It’s a really common mistake and one that can cost a homeowner a ton of money in the event of a total loss to their home. Homeowners across the country see their property values dropping and assume that it’s a good time to lower their home insurance coverage. The problem with this is that your insurance covers the replacement cost of your home NOT the market value.

The replacement cost and the market value of your home are two very different things. The market value of your home is the price it would sell for in the current real estate market and includes the value of the land that the home sits on. On the other hand, the replacement cost of your home only includes the structure of your home (no land) and is calculated based on current construction rates in your area (amongst other things).

This misconception is even more dangerous now because while home values have dropped significantly over the past few years, construction costs have increased. This has many homeowners believing they are adequately insured while they are actually under-insured.

How to estimate your insurance coverage:

1- For a rough estimate on how much dwelling coverage your home may need you can use an estimator such as this home insurance calculator. It will use average construction costs in your area and the square footage of your home to provide an approximate coverage for your home. This tool only provides an estimate on coverage and should not be used as a true figure when purchasing a policy.

2- For a more exact idea about how much dwelling coverage you need, you should talk to a licensed homeowners insurance agent. They will ask you about the various features of your home including building style, building materials, finished square footage, etc. to give you an estimated replacement value for your property.

3- Last but not least, make sure to review the coverage listed in your policy at least once a year or anytime you make any updates or significant renovations to your home.
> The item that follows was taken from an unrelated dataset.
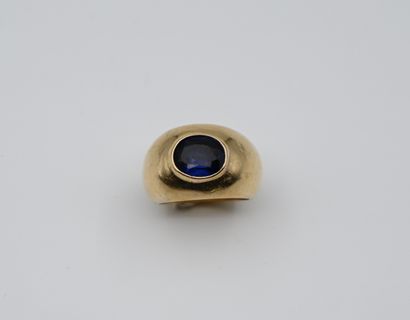 Yellow gold ring set with a presumed sapphire....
It’s important to do this as building costs can inflate and the replacement cost of your home may increase when you perform renovations and additions.
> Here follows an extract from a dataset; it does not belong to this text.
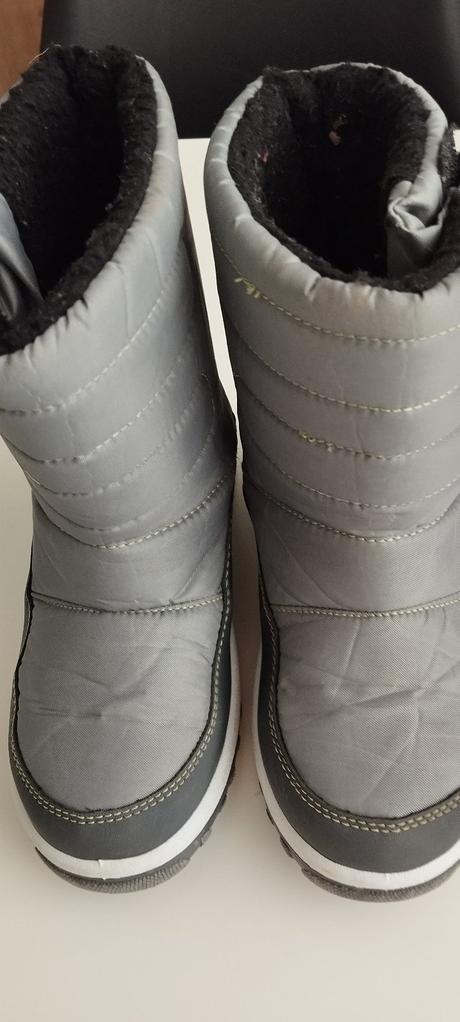 Chlapčenské snehule, 33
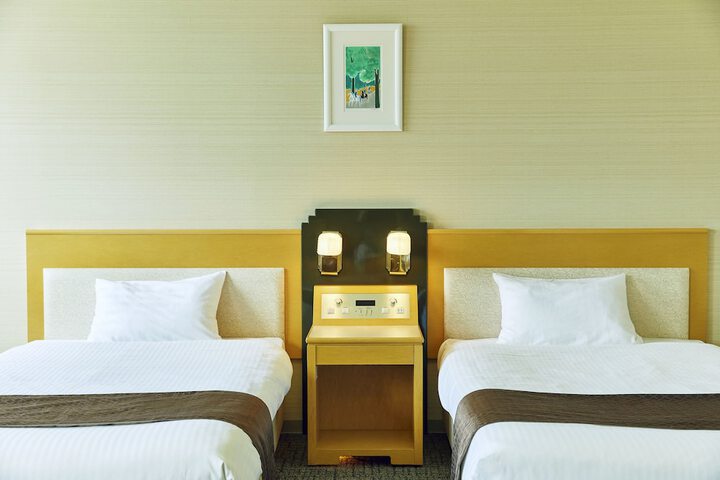 Room 16 of 90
Source: http://homeinsurance.com/blog/2012/01/06/why-you-shouldnt-lower-your-home-insurance-coverage-when-your-home-value-drops/

Suzanne McLaughlin
Sabinske & Associates, Inc. (Albertville, St. Michael) - Saint Michael, MN
Sabinske & Associates, Realtor

Bookmarked.  I realize that replacement costs are tied to the homeowners insurance, but I was unable to find any calculators.  Thanks.  

Jan 09, 2012 05:30 AM
Steven Cook
No Longer Processing Mortgages. - Tacoma, WA

Rolando -- and we in the Mortgage industry do not necessarily help some of our clients as we should, when we only require them to carry insurance to cover the mortgage (even if the cost to replace the home is considerably higher.)

Jan 09, 2012 06:14 AM
Anonymous
Roalndo

Here is a link to the home insurance calculator: http://homeinsurance.com/calculators/home-insurance-calculator.php

 

Jan 09, 2012 07:03 AM
#3
Michele Cadogan 917-861-9166
Fillmore Real Estate 2990 Av U, Bklyn , NY 11229 - Brooklyn, NY
Licensed Real Estate Associate Broker -

 

Thanks for sharing this insurance information; good timing as people look for ways to cut expenses they may not be aware of the difference bet market value and replacement cost.  Thanks again and have a good day.